Designing Enemies using Abstract Classes
Objective: Learn how to use an abstract class to help design your enemies!
In the last tutorial we went over using inheritance to design enemies, and not we are going to compound this with the use of abstract classes.
If an enemy wanted to use the inherited bass attack method with additional code, this is where a virtual method comes in. Virtual methods allow you to overwrite the parent attack method and can still use the implementation.
To create this we are going to change the “public void attack” to “public virtual void attack”
The virtual keyword will allow you to rewrite the implementation. If we navigate to our spider script we can overwrite the attack method.
What if the spider wanted some implementation details from the parent class? Before calling our code that is unique to the spider you can type “base” which will give you access to the parent class “Enemy”
This will also come in handy when we create an abstract class. The goal of this is we want the enemy to define other enemies. When we create 50 enemies we want to make sure they have certain methods. So now we need to figure out what methods are going to be on each object.
Each character is going to have AI between moving waypoints which will be controlled through an update method. We could force an update method on them. We could have the AI code all through this shared class as an enemy but they are all not going to have the same AI, they all aren’t going to share the same waypoints.
One of the things we can do here is force and update method on them so they can control their own destiny for updating their AI. This is where Abstract classes come in.

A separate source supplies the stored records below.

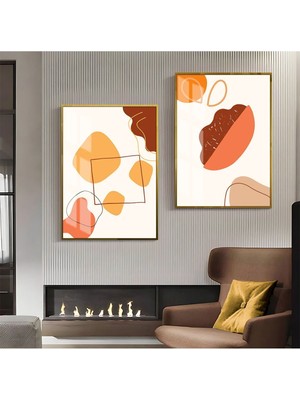 Harikabirev Sarı Turuncu Beyaz Desenli Soyut Kombini Çerçeveli Cam Tablo  2'li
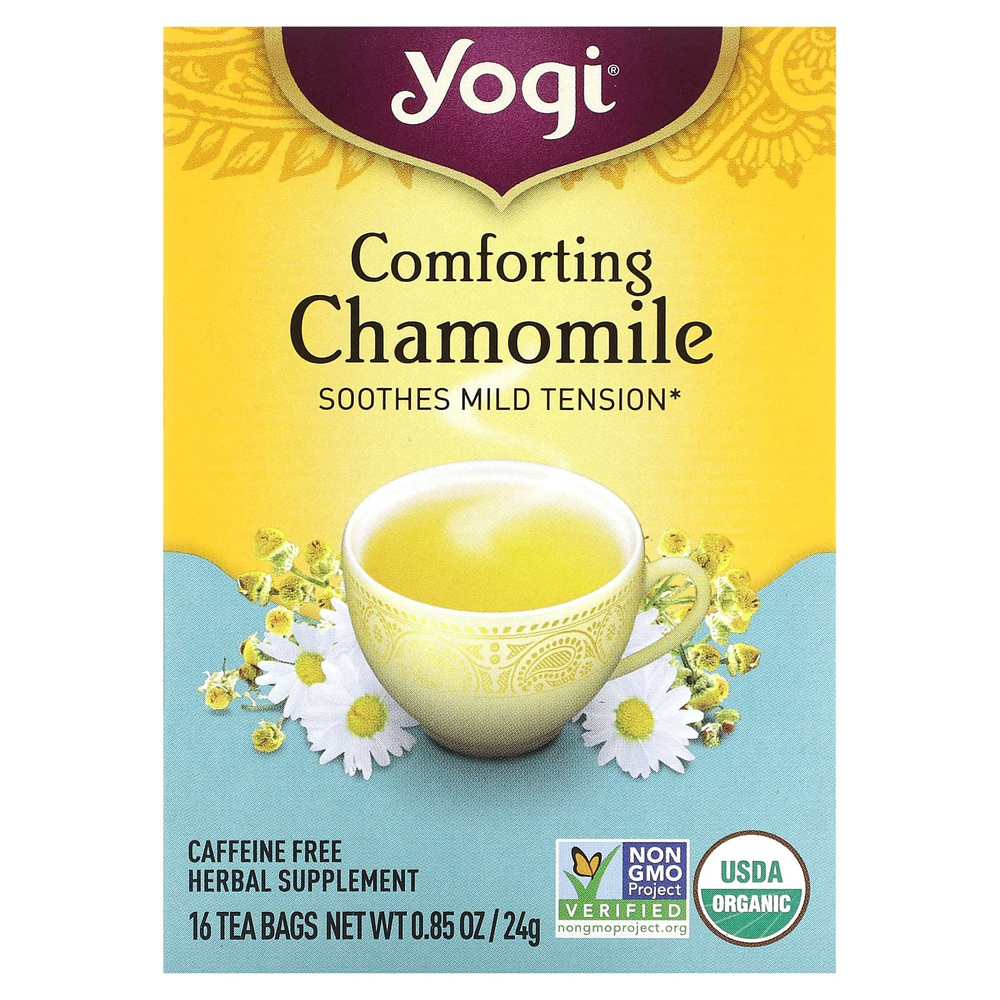 Yogi Tea, успокаивающая ромашка, без кофеина, 16 чайных пакетиков, 24 г (0,85 унции)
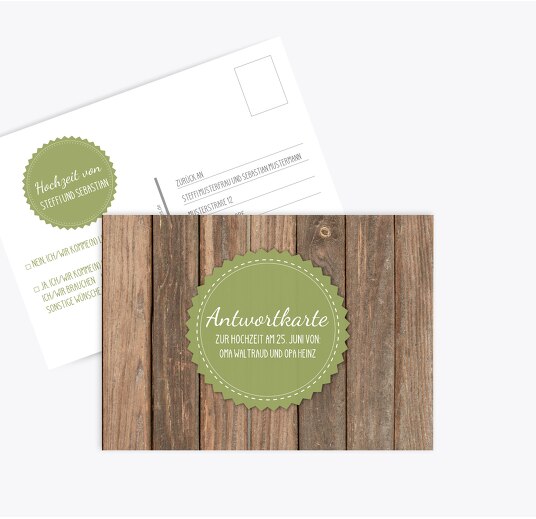Antwortkarte Vintage Holz PastellHellGrün 148x105mm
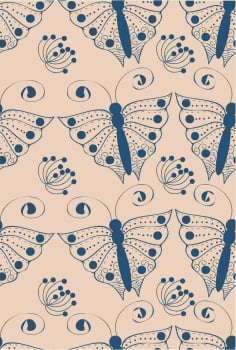 Butterfly Pattern Background Blue Repeating Design Free Vector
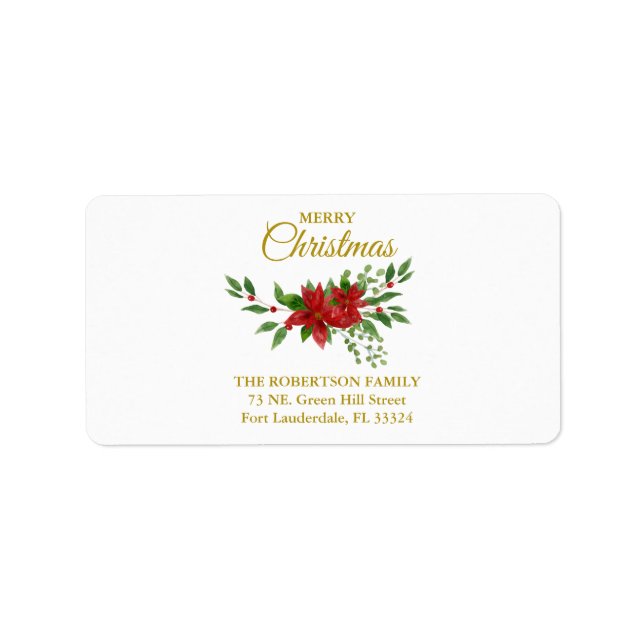 Merry Cristmas Zitat mit Poinsettias Adressaufkleber (Vorne)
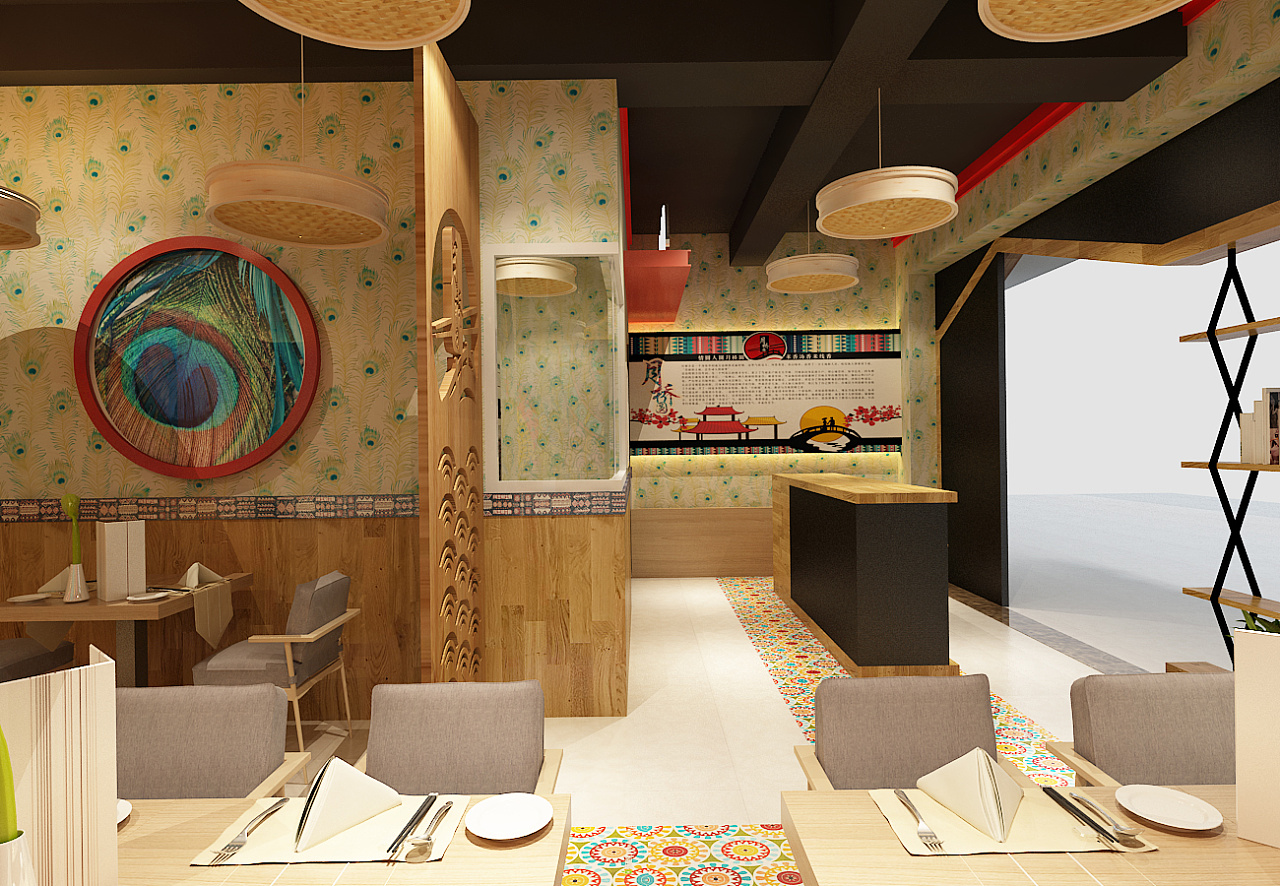 一家米线店设计效果图 餐饮设计 米线店照片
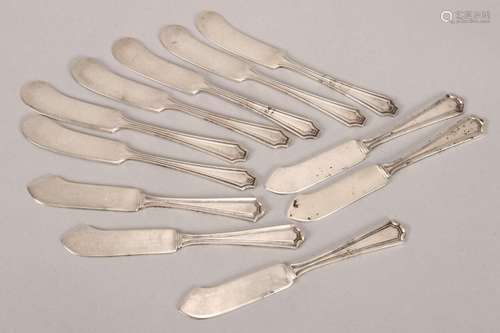 Eleven Sterling Silver Butter Knives,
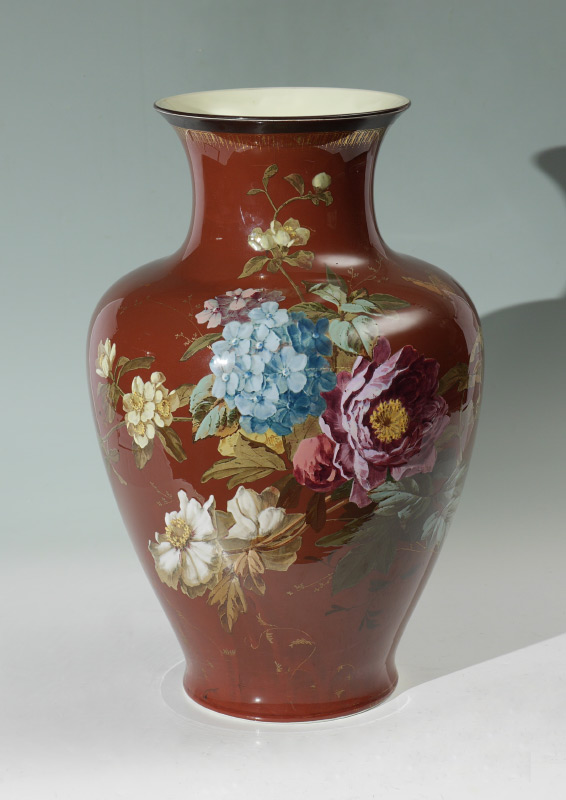 Appraisal: JAPANESE HAND PAINTED FLOOR VASE Oxblood or brown ground hand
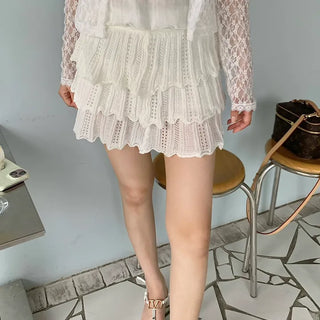 Punched tiered mini skirt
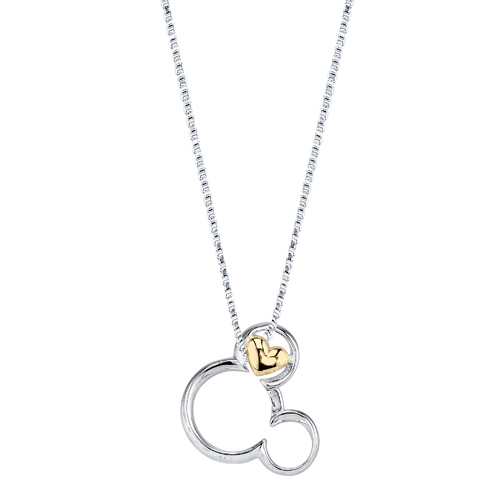 Sterling Silver 10kt Yellow Gold Mickey Mouse 18in Necklace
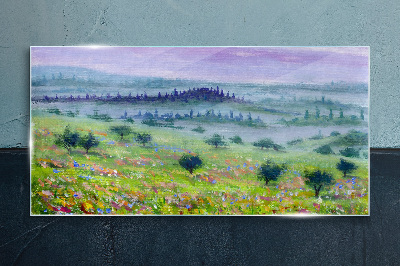 Tableau photo sur verre Paysage aux couleurs pastel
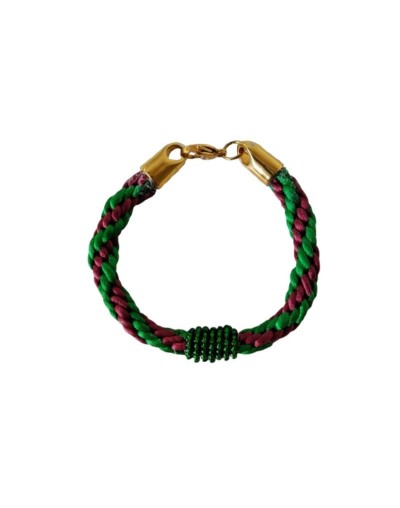 Pulsera Kumihimo Verde y Vinotinto 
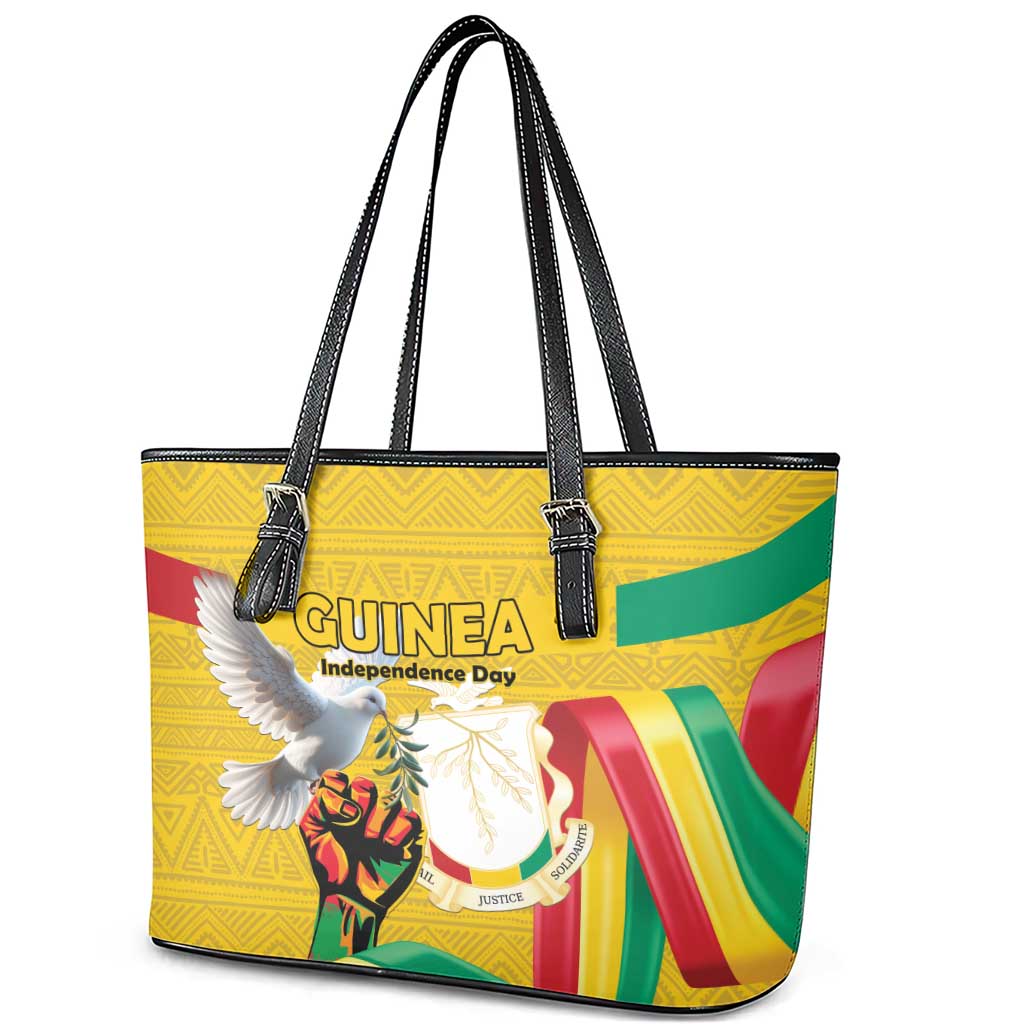 Guinea Leather Tote Bag Happy Independence Day - African Pride
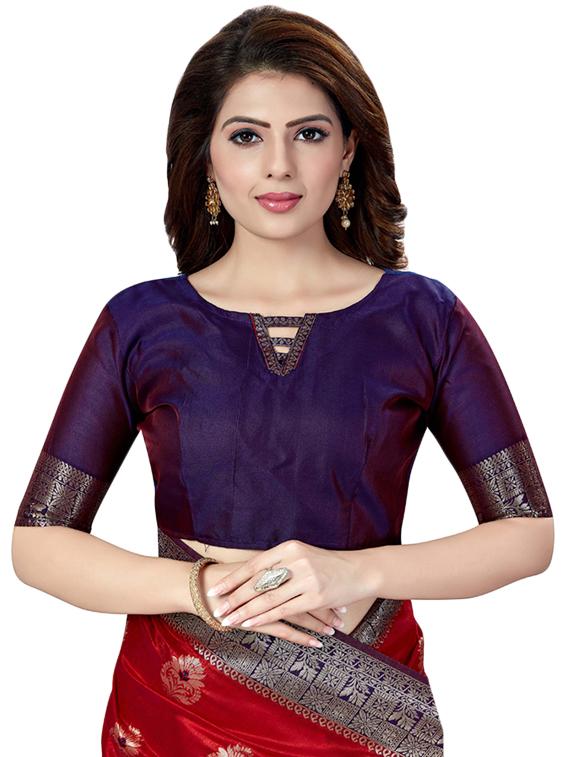 self design banarasi saree with blouse - 16795961 - Zoom Image - 3
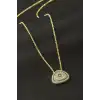 Oval Nazar Zirkon Taşlı Kolye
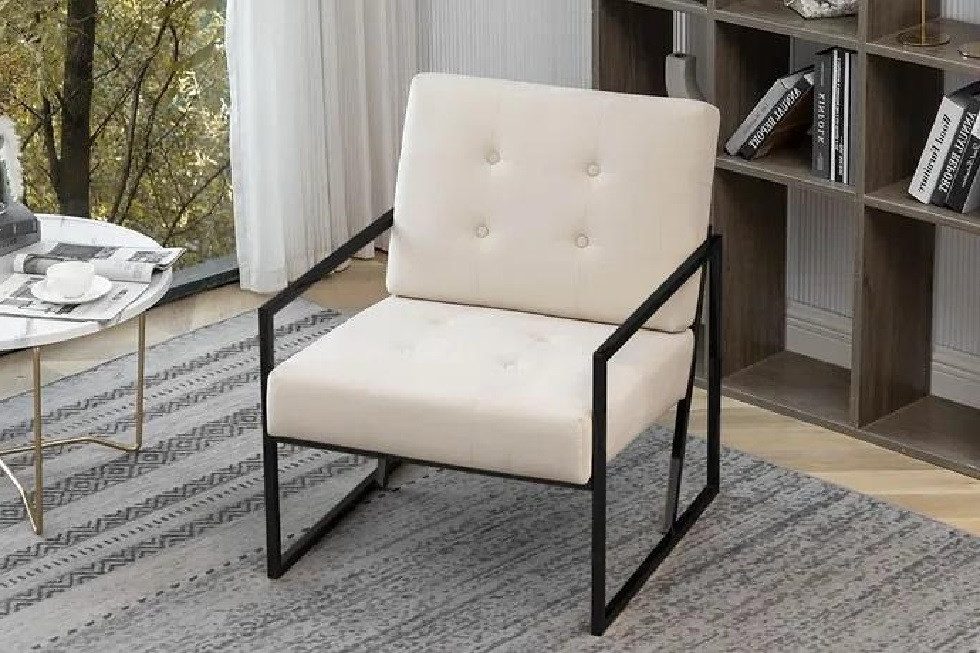 Xlmoebel Loungesessel Beige Stoff-Loungesessel für das Wohnzimmer mit einer Sitzfläche (Sessel), Hergestellt in Europa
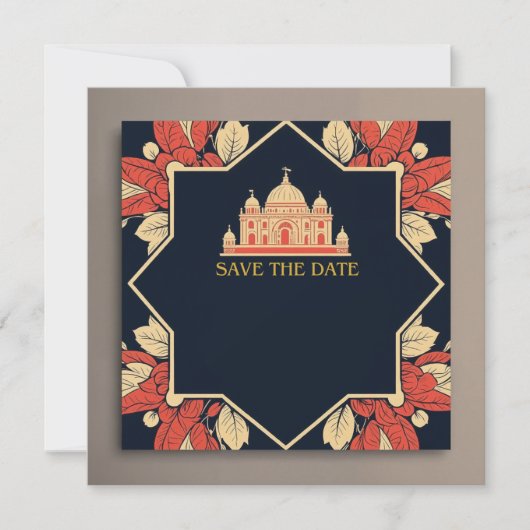Hochzeit speichern Sie das Datum indische Thema Ei Save The Date (Vorderseite)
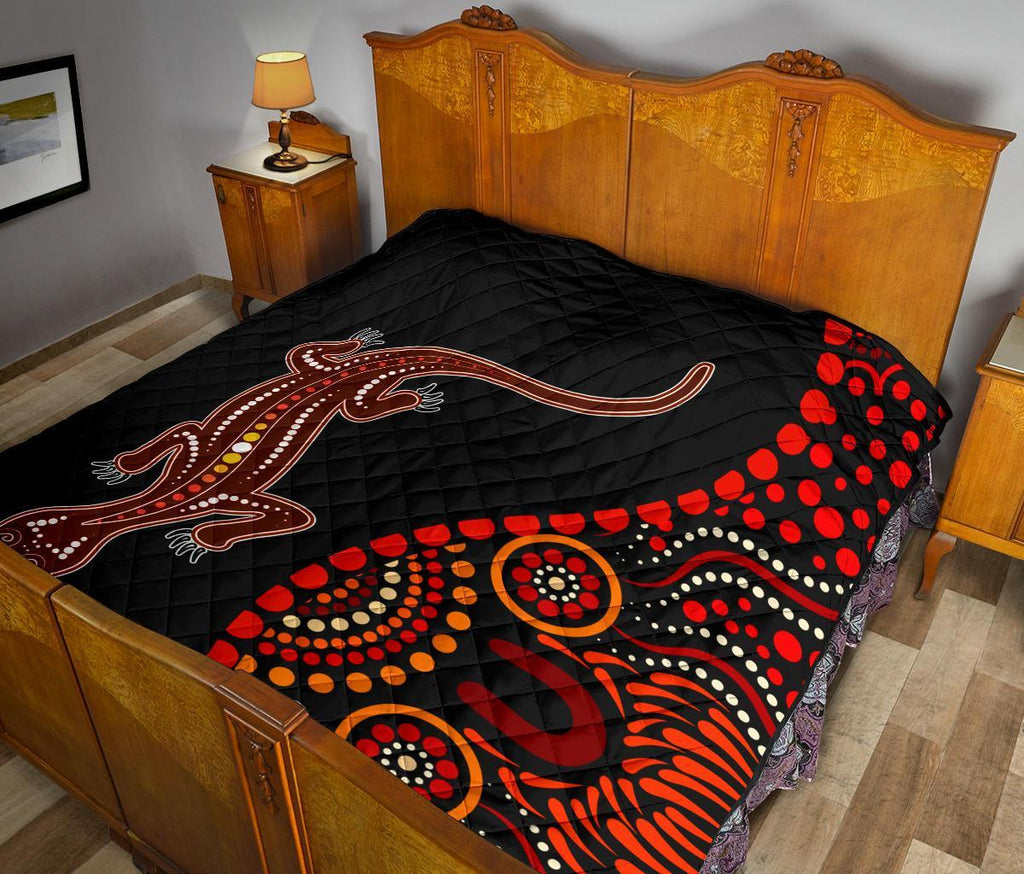 aboriginal-premium-quilt-aboriginal-lizard-with-dot-painting-pattern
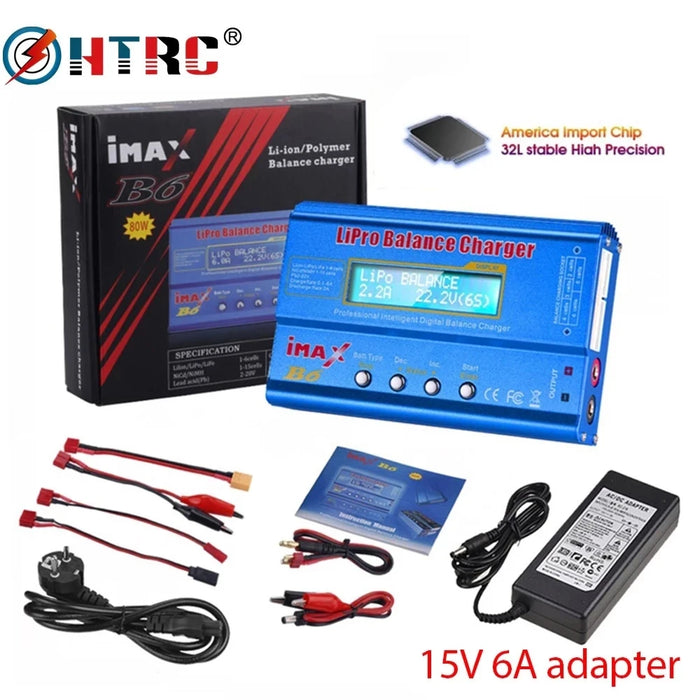 Caricabatteria multifunzione IMAX B6 80W per Lipo Li-ion LiFe NiMh Ni-Cd PB RC Balance Scaricatore + Adattatore 15V 6A Opzionale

If we make the enemy class an abstract class we can create abstract methods.
We can not replace our virtual update with an abstract method.
With this abstract method added, our enemies that inherit from this code will now have an error. This is because they don’t have an update method.
You cannot just call an update method, it must override the parent object.
What’s happening here is each enemy is going to have it’s own unique update that is unique to itself while still sharing the common traits of our enemy class. Now, not only do they share common enemy code, they all have their own unique implementations to void update.
We can now create unique AI code that is going to be specific to each individual enemy.
Side note: If you followed along than you will notice that we no longer see our shared members in the inspector. This is because we made them protected, Simply use the serializefield to see them and modify them in the inspector!
This has been a little more technical than our usual tutorials but I felt this was an important topic to outline. Don’t be afraid to experiment with using abstract classes, and I’ll see you in the next tutorial!